Un vrai mouton, Obolan, quand il a le canon d’un casse-tête dans le cou. Il ordonne tout ce qu’on veut. Il verrait un enfant de chœur qu’il l’ordonnerait prêtre dans la foulée.

— Pourvu qu’on arrive à temps, fait Béru. Ou du moins qu’on ne lui ait ôté que la moitié de ses philippines. Un, c’est mieux que rien. Ça personnalise un type.

Pendant que le messager va récupérer notre pote, nous remontons l’escadrin.

Quant à l’émir, il s’efforce de se composer un maintien digne pour affronter ses gens. Mais c’est une vraie gageure. Quand on marche au bout d’un pistolet avec seulement une moitié de moustache, il est dur d’imposer le respect.

— Dis donc, l’émir, je gouaille, j’ai idée que ton standing, si on le cotait en Bourse, il foutrait pas les Royal-Dutch par terre, hein ?

Une fois que nous avons refait surface, on nous amène Sirk Hamar. Il est soutenu par deux gardes, il se traîne. Il est vert, avec des yeux plus cernés que ceux d’une collégienne.

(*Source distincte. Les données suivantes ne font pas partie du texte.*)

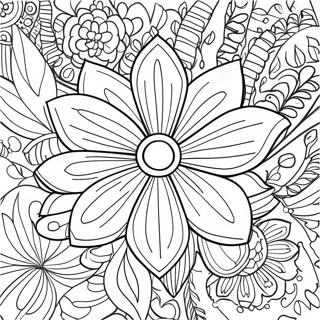 Vibrant Prismacolor Flower Coloring Page 71754-59286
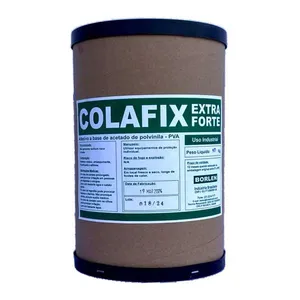 Cola PVA Branca Extra Colafix 1200 para Papelão e Madeira Alta Adesividade 10kg Borlen Brasil Cola PVA Colafix 1200 para Papelão e Madeira 10kg Borlen Brasil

— Oh ! m… arabe ! soupire le Gros, tu veux parier qu’ils sont arrivés trop tard ?

Nous interpellons ce pauvre truand.

— Alors, Sirk ?

Il balbutie :

— C’est fait. Ah ! les tantes !

— Complètement ? insiste Béru d’un ton qui s’enroue.

Sirk opine (c’est tout ce qu’il peut faire désormais).

— Pour un barbeau, tu parles d’une punition ! s’émeut le Gros.

La larme perlant à la paupière, il s’approche d’Hamar et lui passe un bras affectueux autour du cou.

— Pauvre bonhomme ! soupire-t-il. Faut pas te laisser abattre. Y a tout de même pas que l’amour, dans la vie. Tiens, t’apprendras à jouer aux échecs, paraît que c’est un bon passe-temps.